On the basis of Fig. 6, as shown in fig. 7, first selection single 401 includes:
Detection sub-unit 405, for carrying out audio power detection to each audio fragment in the audio to be identified;
Subelement 406 is chosen, in each audio fragment of the audio power more than preset audio energy threshold, choosing
One audio fragment is as target audio sample.
The matching unit 403 includes:
Subelement 407 is handled, for carrying out down-sampled processing to multiple audio-frequency fingerprints of the extraction;
Coupling subelement 408 for that will pass through the multiple audio-frequency fingerprint of down-sampled processing, refers to pre-established audio
Fingerprint in line library is matched.
In the identification device, further include:
Feedback unit 409, for when successful match, obtaining the corresponding audio-frequency information of the audio to be identified, and by institute
It states audio-frequency information and feeds back to client.
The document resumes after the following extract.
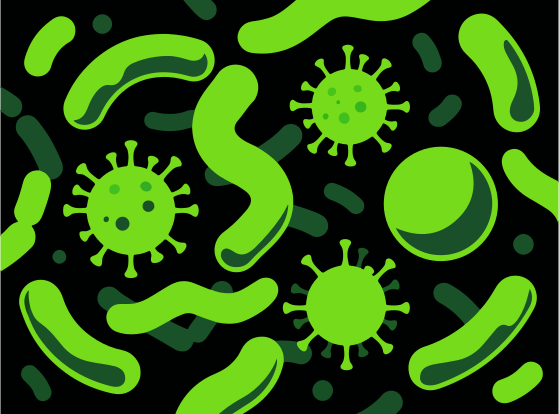 Green bacteria and viruses on a black background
The embodiment of the present invention additionally provides a kind of storage medium, and the storage medium includes the program of storage, wherein, in institute
It states the equipment where the storage medium is controlled during program operation and performs above-mentioned audio identification methods, the method specifically includes:
According to preset first selection rule, target audio sample is chosen in audio to be identified;
Density is extracted by the first audio-frequency fingerprint, multiple audio-frequency fingerprints are extracted in the target audio sample;
The multiple audio-frequency fingerprint of extraction is matched with the fingerprint in pre-established audio-frequency fingerprint library;The built in advance
Vertical audio-frequency fingerprint library is carried out the extraction of audio-frequency fingerprint by the second audio-frequency fingerprint extraction density, and the first audio-frequency fingerprint extraction is close
Degree is less than second audio-frequency fingerprint and extracts density;
When non-successful match, in the audio to be identified, choose new target audio sample again, until matching into
Work(, to realize the identification to audio to be identified.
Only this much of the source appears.